You don’t know me very well. You don’t know a lot of things very well. That’s not to say that you can’t be intelligent in other areas, but hating black people and minorities tends to take you down a few pegs in every attribute that you might possess. I know that it might be discriminatory to think that a racist is worse at math because of the anxiety he feels in public restrooms, but I feel that I have the right to think that you’re more idiotic due to your stupid beliefs, because you are.
Now, being a comic book fan requires a certain amount of obsessive tendency, so I can only imagine how that tendency applies to your other habits. Do you argue the continuity of Mephisto wiping away the 15th Amendment? Do you post pictures to tumblr of Bane breaking Malcolm X’s back? And, most importantly, do you hate Luke Cage for reasons that you yourself don’t quite understand?
I know that some of you might think that I’m blowing this out of proportions and that I shouldn’t feel the need to respond to the YouTube comments and tweets that I’ve seen which deal with why Electro, a fake character who hasn’t been, and never will be a part of normal, real life, shouldn’t be played by a black man, but I’m not. Because, racists, you’ve done this shit a few times before. Remember when Michael Clarke Duncan was picked to play Kingpin in the Daredevil movie? You guys went nuts!
A character whose main function is to cover the “fat guy in a suit” corner of the Marvel comic villain spectrum was played by a well respected black actor. You couldn’t wrap your heads around it. Suddenly, your beloved character was now going to be played by the man you feared was fucking your wife while you were at the grocery store, pleasing her more than you could ever hope to. You had to sit through that entire movie and watch the reason that you couldn’t sit next to another person on the bus ruin the legacy of your childhood.
Then, in the Ultimate Comics Universe, Spider-Man was killed off, and replaced by a kickass Hispanic teen, Miles Morales. You guys, unsurprisingly, hated that too. Not Spider-Man! Not the world’s most relatable superhero! That would take at least forty showers, twelve Coors Lights and two first cousin tongue baths to wash away the memory of.

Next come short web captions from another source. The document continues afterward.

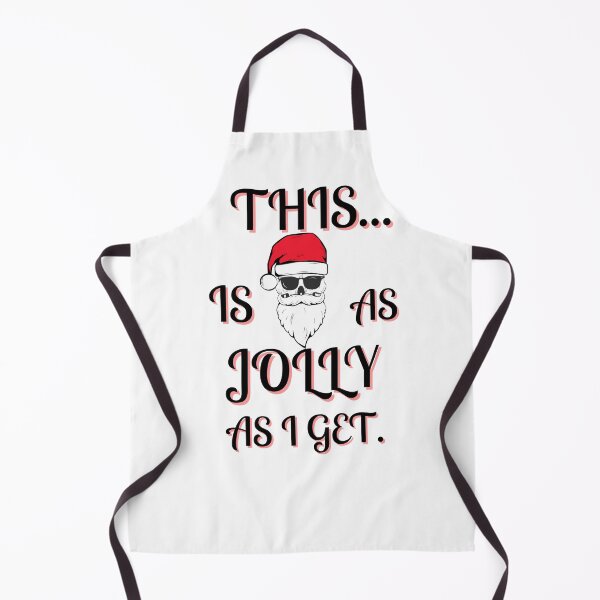 Item preview, This is as jolly as I get. | funny introvert quotes | Santa skull designed and sold by Confusion-Human.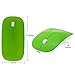 Tsmine Slim Rechargeable Bluetooth Mouse, Ultra-Slim Mice for Notebook, PC, Laptop, Computer,Windows/Android Tablet, iMac MacBook Air - Green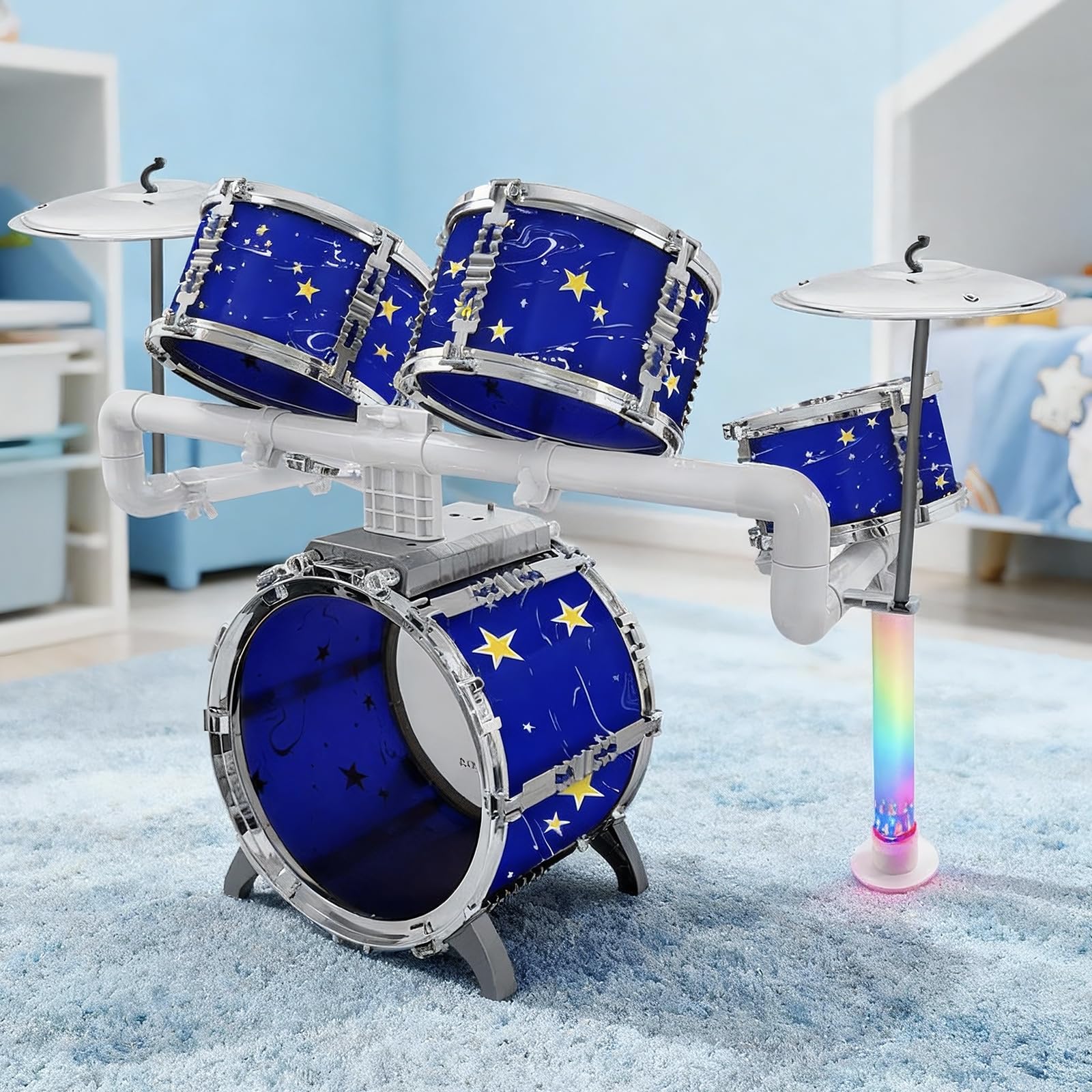 CHADRIGIVS sturdy drumsticks keep pace with kids’ playful rhythms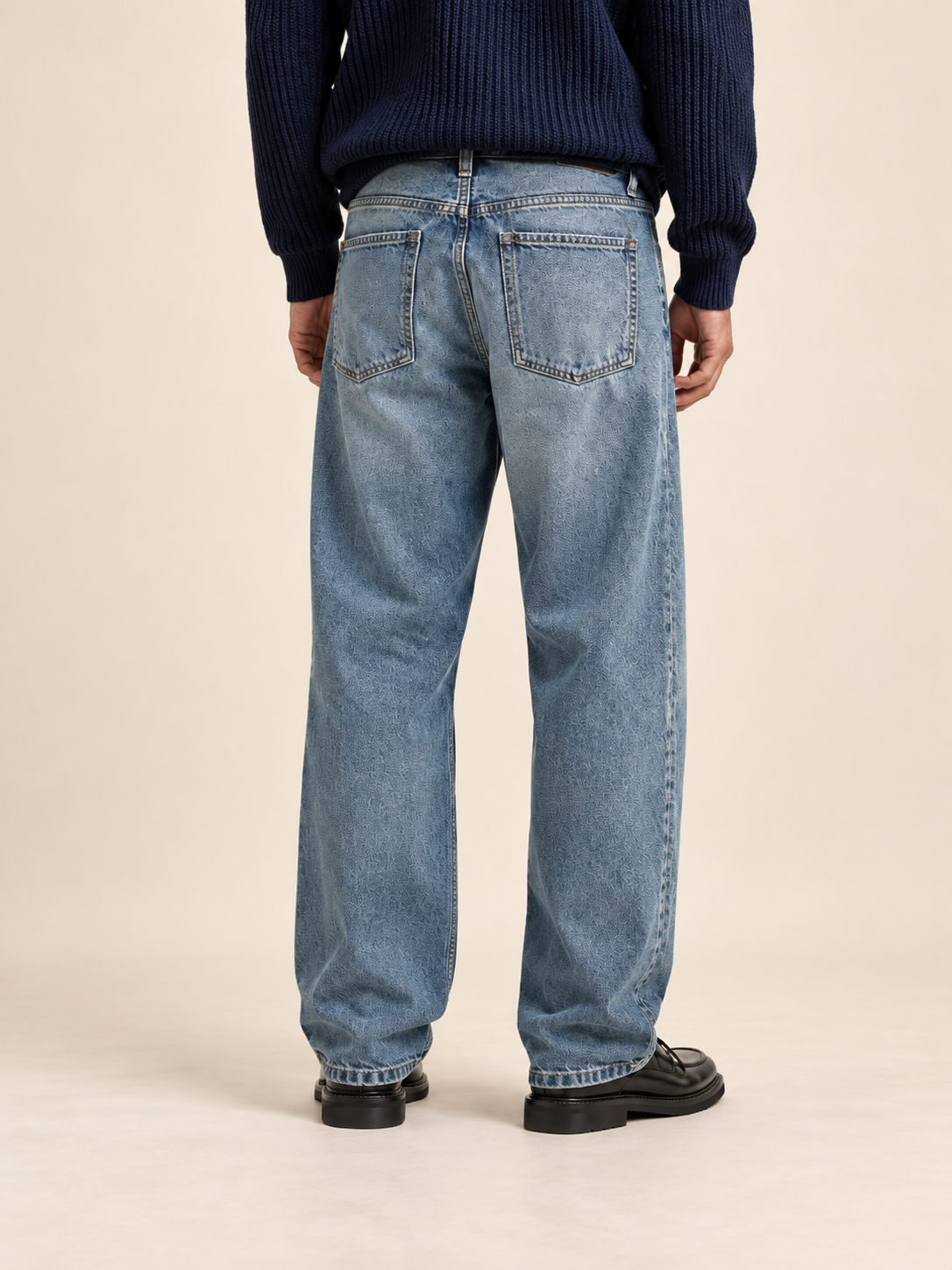 JEAN HOMME BAGGY DÉLAVÉ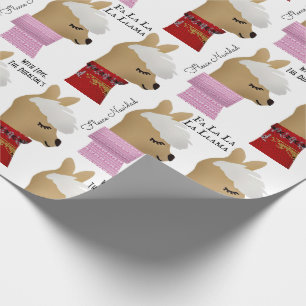 Fa La La La Llama Personalized Holiday Cadeaupapier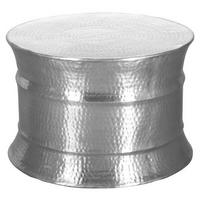 Couchtisch "WL5.463" , Ø ca. 60 cm, silber - Silberfarben, LIFESTYLE, Metall (62/62/41cm) - MID.YOU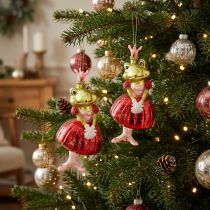 Prodotto Principessa rana Addobbi per albero di Natale Vetro A14cm 2pz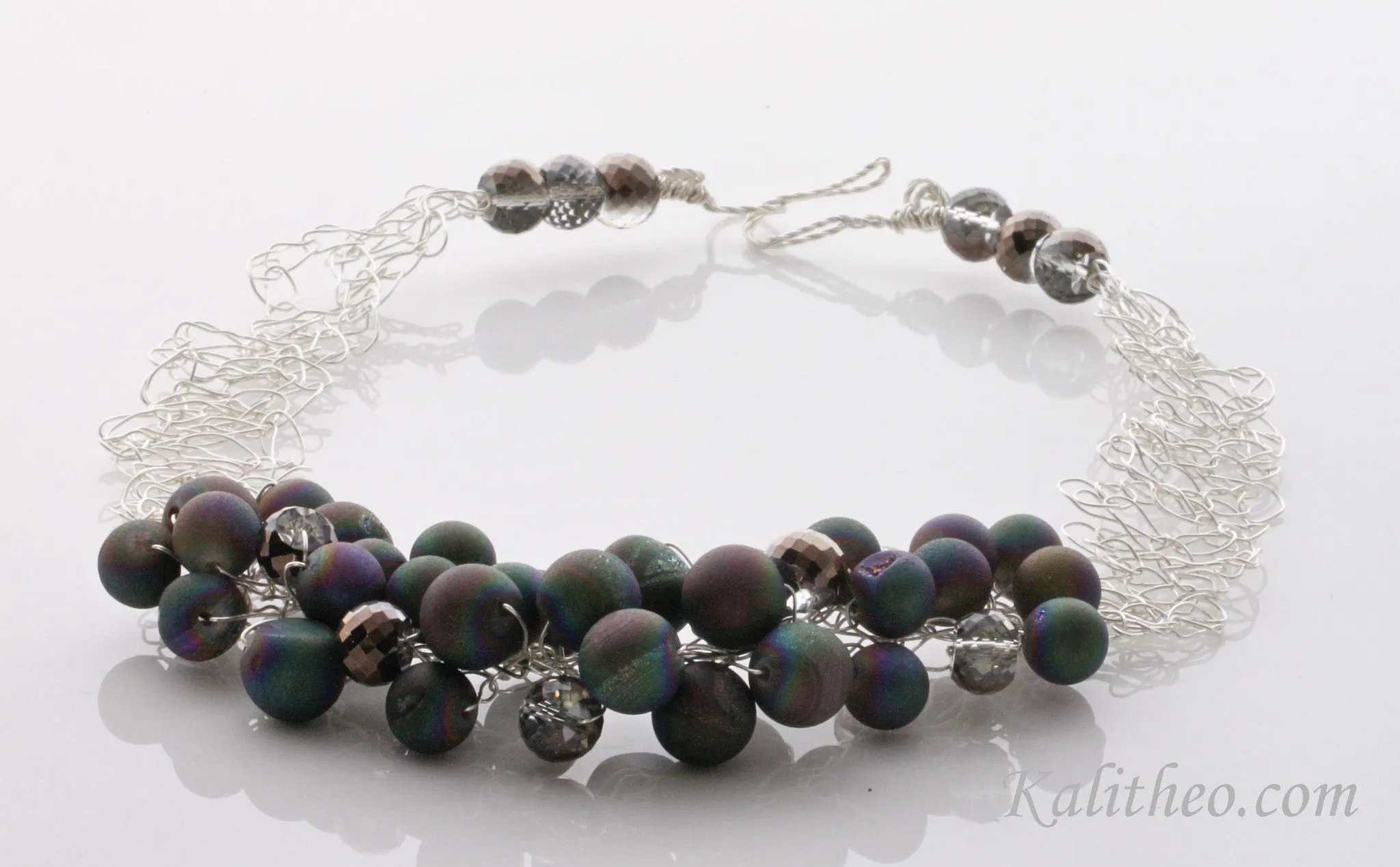 KTC-269 Agate Druzy Statement Necklace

And now Jamie Foxx playing Electro! Jamie Foxx has swagger. He’s a cool, good looking, talented black guy. And he’s in your The Amazing Spider-Man 2. I just bet it’s because of the President!
You just can’t win, can you, racists? Why? Because you’re dumb and your problems are dumb.
Racism as a whole is ignorant, but racism when dealing with comic characters is like challenging a breeze to a punching contest: you’ll get absolutely nothing out of it and look like as fucking fool before it, during it and after it’s over. You’re trying to defend the sanctity of your own limited imagination, and when your limited imagination is “This person is lesser because they don’t look like me”, you have no platform to climb on.
At this point, if you are making a stand against the races of fictional characters, you’re literally running out of things to do. It’s not that you’ve tried every other thing, it’s just that you’re so inept that you’ve cut out most of your other options in life and are now forced to pick from the remaining ones, and the remaining ones are all breeze-punching contests.
And, plus, if you’re going to defend a character’s white honor, there are bigger, better fish. Electro will be awful no matter who plays him. His mask looks like the remnants of someone’s item on Crazy Hat Day, nine hours after they decided to eat it, and he was created by touching a power line, in a time period when you could gain the power to change seasons if you just fell in a leaf pile. One of Electro’s main abilities is that he has “improved strength” and can lift up to 450 pounds, which, in Spider-Man’s world, equates to getting his teeth kicked in only slightly slower. Its okay, racists. Jamie Foxx isn’t going to make Electro suck any less.
So, in conclusion, racists, you’re fighting a battle that you can’t win. Find a new hobby. I know that it will be tough, considering the nightmare visions of your father that you encounter every night, but I’m sure you can do it. If not, then be prepared to keep on looking crazy and stupid. And keep on fearing that Electro is now going to flirt with your girlfriend, because he totally is.